BioWorld International Correspondent

BRUSSELS, Belgium - Sweden, which holds the rotating presidency of the European Union for the first half of this year, is determined to improve the climate for biotechnology in the EU.

Looking ahead to the summit of EU leaders in Stockholm in March, the Swedish minister for education and science, Thomas Östros, told the European Parliament Committee on Industry, External Trade, Research and Energy that "an area to which the Swedish presidency wishes to devote particular attention at the Stockholm summit is biotechnology."

He said "forceful measures from a broad perspective" are necessary to boost biotechnology research, to promote the industrial application of research results, and "to stimulate the discussion on ethical issues that must ensue." He said he had followed "with great interest" the recent initiatives by the Parliament on these issues, and the draft report on the future of the biotechnology industry that is currently under discussion in the Parliament. But he said the presidency was also planning to take up ethical issues at a special conference being organized in Umea, Sweden, in June, in addition to the discussions at the summit itself.

Aventis' GM Rape Is Safe, Committee Finds

There is no reason to believe that Aventis' new genetically modified rape is harmful, according to the European Union's scientific committee on plants.

In an opinion published on Feb. 8, the committee said "the placing on the market of oilseed rape line . . . with the purpose to be used as any other oilseed rape, is not likely to cause any adverse effects." Its risk assessment of this new product, which is tolerant to the herbicide glufosinate-ammonium, found no evidence to indicate adverse effects on human and animal health and the environment from cultivation of this oilseed rape and the varieties derived from it by conventional crossing, and their uses for food, feed and industrial purposes.

But, as in previous opinions, the committee recommended that the introduction of the herbicide-tolerant oilseed crops should be accompanied by an agreed code of practice for field management.

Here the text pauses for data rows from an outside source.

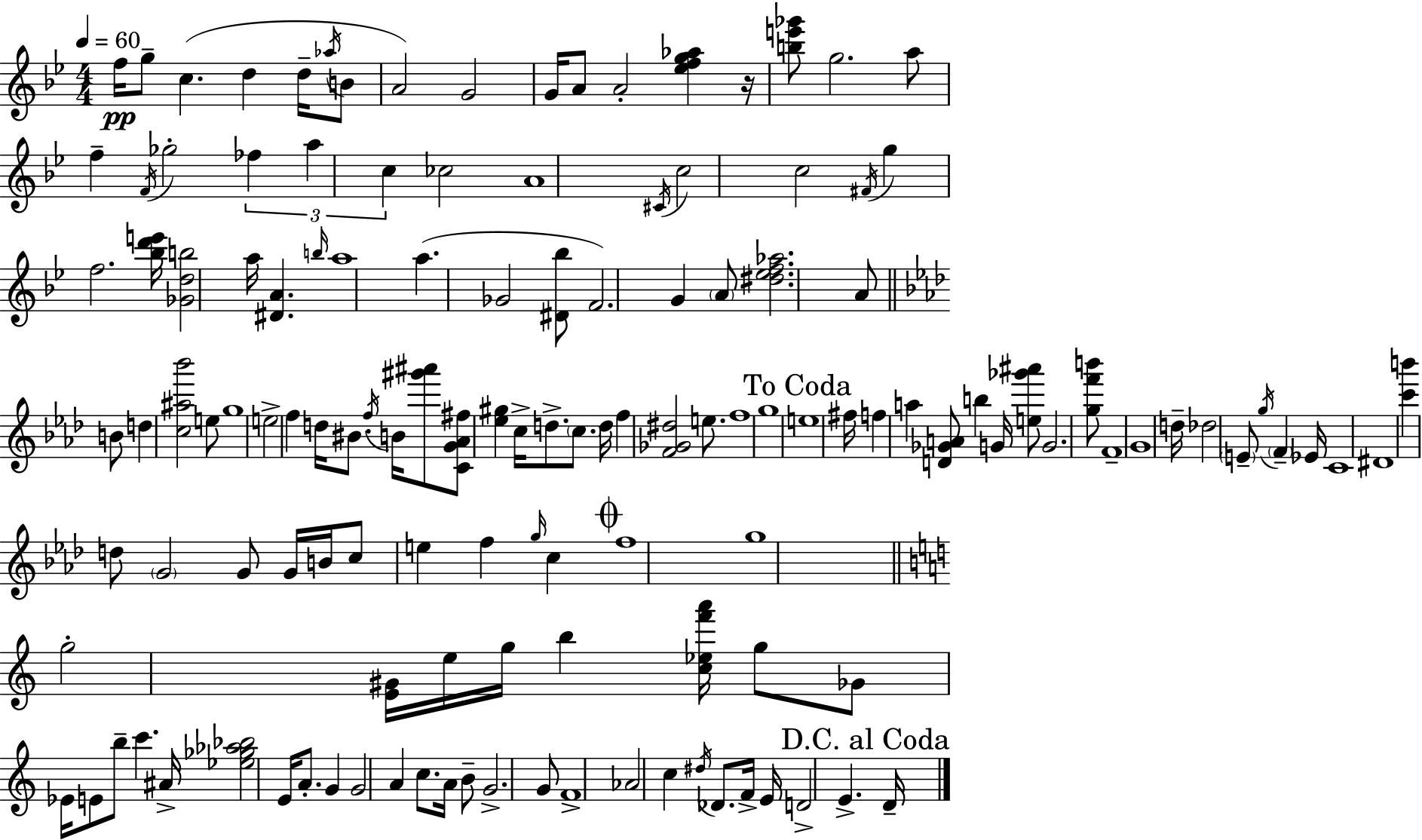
{
  \clef treble
  \numericTimeSignature
  \time 4/4
  \key g \minor
  \tempo 4 = 60
  f''16\pp g''8-- c''4.( d''4 d''16-- \acciaccatura { aes''16 } b'8 | a'2) g'2 | g'16 a'8 a'2-. <ees'' f'' g'' aes''>4 | r16 <b'' e''' ges'''>8 g''2. a''8 | \break f''4-- \acciaccatura { f'16 } ges''2-. \tuplet 3/2 { fes''4 | a''4 c''4 } ces''2 | a'1 | \acciaccatura { cis'16 } c''2 c''2 | \break \acciaccatura { fis'16 } g''4 f''2. | <bes'' d''' e'''>16 <ges' d'' b''>2 a''16 <dis' a'>4. | \grace { b''16 } a''1 | a''4.( ges'2 | \break <dis' bes''>8 f'2.) | g'4 \parenthesize a'8 <dis'' ees'' f'' aes''>2. | a'8 \bar "||" \break \key aes \major b'8 d''4 <c'' ais'' bes'''>2 e''8 | g''1 | e''2-> f''4 d''16 bis'8. | \acciaccatura { f''16 } b'16 <gis''' ais'''>8 <c' g' aes' fis''>8 <ees'' gis''>4 c''16-> d''8.-> \parenthesize c''8. | \break d''16 f''4 <f' ges' dis''>2 e''8. | f''1 | g''1 | \mark "To Coda" e''1 | \break fis''16 f''4 a''4 <d' ges' a'>8 b''4 | g'16 <e'' ges''' ais'''>8 g'2. <g'' f''' b'''>8 | f'1-- | g'1 | \break d''16-- des''2 \parenthesize e'8-- \acciaccatura { g''16 } \parenthesize f'4-- | ees'16 c'1 | dis'1 | <c''' b'''>4 d''8 \parenthesize g'2 | \break g'8 g'16 b'16 c''8 e''4 f''4 \grace { g''16 } c''4 | \mark \markup { \musicglyph "scripts.coda" } f''1 | g''1 | \bar "||" \break \key a \minor g''2-. <e' gis'>16 e''16 g''16 b''4 <c'' ees'' f''' a'''>16 | g''8 ges'8 ees'16 e'8 b''8-- c'''4. ais'16-> | <ees'' ges'' aes'' bes''>2 e'16 a'8.-. g'4 | g'2 a'4 c''8. a'16 | \break b'8-- g'2.-> g'8 | f'1-> | aes'2 c''4 \acciaccatura { dis''16 } des'8. | f'16-> e'16 d'2-> e'4.-> | \break \mark "D.C. al Coda" d'16-- \bar "|."
}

Patent Office Sides With Aventis In GM Case

The European Patent Office, based in Munich, Germany, ruled in favor of Aventis against the environmental pressure group Greenpeace in the debate over patents for genetically modified plants. The EPO effectively gave the go-ahead on Thursday to a controversial patent for plants modified using genetic engineering techniques, which make them resistant to ammonium glufosinate (Liberty), a pesticide produced by Aventis. The patent was registered in 1987 by Aventis CropScience and granted in 1993.

After a public hearing on Feb. 5, the Patent Office rejected Greenpeace's 1993 complaint. Greenpeace claimed that the gene can be isolated from bacteria found in its natural state using methods that are already well known, and a patent was not warranted. Aventis claimed the gene has been modified and does not exist in a natural form, and that modification of natural genes was an invention.

LibertyLink (a brand of modified seeds) and the pesticide Liberty are currently sold in Canada (canola or summer rapeseed) and in the U.S. (maize).